#### Problem
In the entries that follow, the first line to write out is the one containing "Hey guys, hope", and the last is the one containing "Lastly, be cautious". Reproduce that stretch exactly, with nothing before or after it.

#### Input data
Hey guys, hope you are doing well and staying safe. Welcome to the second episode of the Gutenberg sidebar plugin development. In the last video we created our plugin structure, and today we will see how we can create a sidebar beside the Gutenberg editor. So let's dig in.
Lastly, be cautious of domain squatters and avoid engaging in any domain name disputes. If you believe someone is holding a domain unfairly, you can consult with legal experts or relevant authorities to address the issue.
* * *
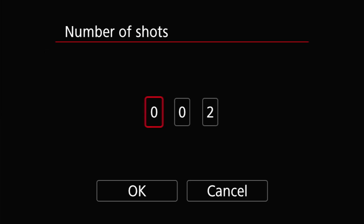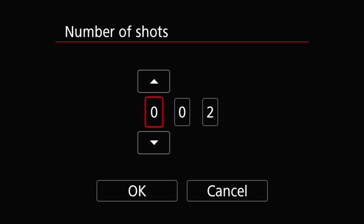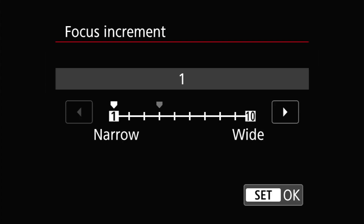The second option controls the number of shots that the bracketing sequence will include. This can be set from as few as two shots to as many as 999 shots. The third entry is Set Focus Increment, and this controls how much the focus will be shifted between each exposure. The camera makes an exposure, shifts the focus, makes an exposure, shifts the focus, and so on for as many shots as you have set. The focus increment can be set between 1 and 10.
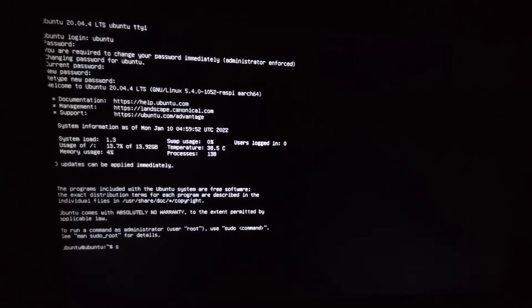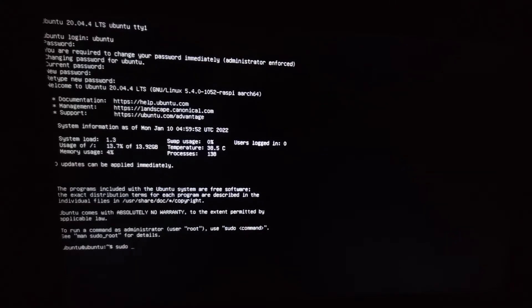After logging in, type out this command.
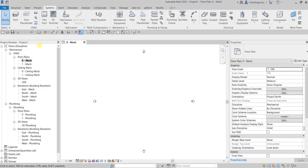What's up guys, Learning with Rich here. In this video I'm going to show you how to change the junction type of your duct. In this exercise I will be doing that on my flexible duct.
---
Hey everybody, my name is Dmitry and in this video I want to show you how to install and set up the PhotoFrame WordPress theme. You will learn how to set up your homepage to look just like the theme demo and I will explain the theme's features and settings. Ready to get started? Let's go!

#### Answer for the task
Hey guys, hope you are doing well and staying safe. Welcome to the second episode of the Gutenberg sidebar plugin development. In the last video we created our plugin structure, and today we will see how we can create a sidebar beside the Gutenberg editor. So let's dig in.
Lastly, be cautious of domain squatters and avoid engaging in any domain name disputes. If you believe someone is holding a domain unfairly, you can consult with legal experts or relevant authorities to address the issue.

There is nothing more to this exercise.